Sea level rise is a key effect of climate change, putting coastal populations, infrastructure and world trade at risk. Around £150 billion of assets along the UK coastline are at risk from flooding, of which £75 billion are in London alone. Consequently, most nations have developed and implemented protection plans, using estimates of sea level rise based on global warming scenarios.

However, there is a lack of data on the extent to which past sea level rises exceeded present levels, prompting concerns that the world is underestimating the scale of future sea level rise. Since the mid-1990s, research by the University of Southampton at the National Oceanography Centre, Southampton (NOCS), led by Eelco Rohling, Professor of Ocean and Climate Change (1994-present), has developed with international collaborators a new method of reconstructing sea level change by measuring oxygen isotope ratios in fossils from the Red Sea. By studying how sea levels changed during warmer periods between ice ages, a view has been formed on how fast global ice volume/sea level can change, with implications for the future.

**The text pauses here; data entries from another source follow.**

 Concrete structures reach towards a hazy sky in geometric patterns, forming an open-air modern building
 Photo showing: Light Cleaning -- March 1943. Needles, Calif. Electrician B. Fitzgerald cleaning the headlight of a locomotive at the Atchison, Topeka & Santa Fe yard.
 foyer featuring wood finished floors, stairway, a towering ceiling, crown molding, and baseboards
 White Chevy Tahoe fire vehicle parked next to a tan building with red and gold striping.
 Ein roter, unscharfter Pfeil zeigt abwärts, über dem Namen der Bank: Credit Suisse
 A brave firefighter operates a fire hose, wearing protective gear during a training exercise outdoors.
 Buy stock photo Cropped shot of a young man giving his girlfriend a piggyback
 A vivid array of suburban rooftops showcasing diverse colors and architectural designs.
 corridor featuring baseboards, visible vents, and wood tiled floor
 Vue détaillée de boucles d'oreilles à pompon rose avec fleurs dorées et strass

Prior to Rohling's methodology, first described in Nature in 1998 [3.1], researchers focused on fossil reefs to reveal the magnitude of sea level peaks (highstands) of the past million years but could only measure sea level lowstands back to the Last Glacial Maximum, 20,000 years ago. The new method combined evidence of extreme high-salinity conditions in the glacial Red Sea with a simple hydraulic control model of water flow through the Strait of Bab-el-Mandab, which links the Red Sea to the Indian Ocean. This new approach has produced sea level lowstand estimates stretching back hundreds of thousands of years.

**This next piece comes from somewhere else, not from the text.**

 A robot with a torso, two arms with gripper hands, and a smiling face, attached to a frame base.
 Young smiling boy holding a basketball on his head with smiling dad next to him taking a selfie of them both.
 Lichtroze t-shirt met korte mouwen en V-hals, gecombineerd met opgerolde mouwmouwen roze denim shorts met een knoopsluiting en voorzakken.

Supervised by Rohling and Dr David Smeed (NERC-NOCS), Mark Siddall (University of Southampton PhD student 2001-2004) furthered the methodology [3.2]. By combining oxygen isotope records from Red Sea sediments with a hydraulic model of water exchange at Bab-el-Mandab, the researchers could measure global sea level going back 470,000 years, to an accuracy of ±6 m compared with previous ranges of ±15 m.

With the input of Research Assistant Katharine Grant (University of Southampton 2005-present) the research matured to a complete record in 2008-2012 [3.3-3.5]. This included the first coherent estimate of rates of sea level rise above the present, at 1.6 ±1 metres per century [3.3]. This has helped the UK government define their worst-case planning scenario for future century-scale sea-level rises. Rohling's sea level record for the past 520,000 years also revealed a strong correlation on multi-millennial timescales between global sea level and Antarctic temperature [3.4-3.5]. Rohling estimated that the sea level around three million years ago — a period with near modern CO₂ levels — was 25 ±5m above the present. This indicates that future long-term sea level rise could far exceed existing projections [3.4]. This was supported by a major parallel effort led by Rohling, which established that climate sensitivity to radiative forcing at that time was similar to the present [3.6].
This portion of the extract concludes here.